I have been spending an entire day on trying to step into cuda kernel code for debug purpose in vscode with Nsight Visual Studio Code Edition extension. There are a few related questions in stack overflow, but they were asked about 9 years ago. I followed its official tutorial on youtube and its documentation, there is just no way for me to step in cuda kernel code in vscode.
Here is my kernel_debug.cu
#include <cuda_runtime.h>
// CUDA kernel for adding two matrices using a 3D block and thread configuration
__global__ void matrixAdd3D(const int* A, const int* B, int* C, int N) {
int row = blockIdx.y * blockDim.y + threadIdx.y;
int col = blockIdx.x * blockDim.x + threadIdx.x;
int depth = blockIdx.z * blockDim.z + threadIdx.z; // Not used in computation, just for demonstration
if (row < N && col < N && depth == 0) { // Using depth == 0 to ensure it computes only once
C[row * N + col] = A[row * N + col] + B[row * N + col];
}
}
// Check for CUDA errors
void checkCudaError(cudaError_t err, const char* msg) {
if (err != cudaSuccess) {
std::cerr << msg << ": " << cudaGetErrorString(err) << std::endl;
exit(EXIT_FAILURE);
}
}
int main() {
const int N = 1024; // Size of the matrix (1024x1024)

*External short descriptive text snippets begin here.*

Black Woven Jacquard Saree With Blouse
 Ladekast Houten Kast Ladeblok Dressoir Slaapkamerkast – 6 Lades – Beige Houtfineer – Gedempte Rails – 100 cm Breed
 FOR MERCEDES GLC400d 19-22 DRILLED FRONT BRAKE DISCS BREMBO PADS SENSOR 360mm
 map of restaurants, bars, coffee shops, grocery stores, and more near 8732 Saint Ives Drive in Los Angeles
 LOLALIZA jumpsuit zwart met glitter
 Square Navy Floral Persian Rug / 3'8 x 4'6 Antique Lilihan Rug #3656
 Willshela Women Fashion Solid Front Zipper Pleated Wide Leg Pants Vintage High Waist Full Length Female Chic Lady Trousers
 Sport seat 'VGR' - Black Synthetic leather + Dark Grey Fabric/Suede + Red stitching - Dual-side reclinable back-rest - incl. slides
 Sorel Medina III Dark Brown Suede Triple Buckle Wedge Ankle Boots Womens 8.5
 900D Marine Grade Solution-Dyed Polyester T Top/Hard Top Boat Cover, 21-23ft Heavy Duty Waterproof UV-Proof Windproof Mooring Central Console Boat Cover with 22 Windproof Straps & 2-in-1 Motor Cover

const int size = N * N * sizeof(int);
int *h_A, *h_B, *h_C;
// Allocate memory on the host
h_A = (int*)malloc(size);
h_B = (int*)malloc(size);
h_C = (int*)malloc(size);
// Initialize matrices
for (int i = 0; i < N * N; ++i) {
h_A[i] = 1;
h_B[i] = 2;
}
int *d_A, *d_B, *d_C;
// Allocate memory on the device
checkCudaError(cudaMalloc((void**)&d_A, size), "Failed to allocate device memory for A");
checkCudaError(cudaMalloc((void**)&d_B, size), "Failed to allocate device memory for B");
checkCudaError(cudaMalloc((void**)&d_C, size), "Failed to allocate device memory for C");
// Copy data from host to device
checkCudaError(cudaMemcpy(d_A, h_A, size, cudaMemcpyHostToDevice), "Failed to copy A to device");
checkCudaError(cudaMemcpy(d_B, h_B, size, cudaMemcpyHostToDevice), "Failed to copy B to device");
// Set up execution configuration with a 3D block and thread structure
dim3 threadsPerBlock(16, 16, 1); // 1 in the z-dimension since we're not using it for actual computation
dim3 numBlocks((N + threadsPerBlock.x - 1) / threadsPerBlock.x,
(N + threadsPerBlock.y - 1) / threadsPerBlock.y,
1); // Only one block in the z-dimension
// Launch the kernel
matrixAdd3D<<<numBlocks, threadsPerBlock>>>(d_A, d_B, d_C, N);
checkCudaError(cudaGetLastError(), "Kernel launch failed");
// Copy result back to host
checkCudaError(cudaMemcpy(h_C, d_C, size, cudaMemcpyDeviceToHost), "Failed to copy C back to host");
// Free device memory
cudaFree(d_A);
cudaFree(d_B);
cudaFree(d_C);
// Check results and free host memory
for (int i = 0; i < N * N; i++) {
if (h_C[i] != 3) {
std::cerr << "Incorrect result!" << std::endl;
break;
}
}
std::cout << "Program completed successfully!" << std::endl;
free(h_A);
free(h_B);
free(h_C);
return 0;
}
and my CMakeLists.txt
cmake_minimum_required(VERSION 3.10)
# Project name and version
project(kernel_debug VERSION 1.0)
# Enable C++17 standard
set(CMAKE_CXX_STANDARD 17)
set(CMAKE_CXX_STANDARD_REQUIRED True)
set(CMAKE_BUILD_TYPE Debug)
set(CMAKE_CXX_FLAGS_DEBUG "${CMAKE_CXX_FLAGS_DEBUG} -g -O0")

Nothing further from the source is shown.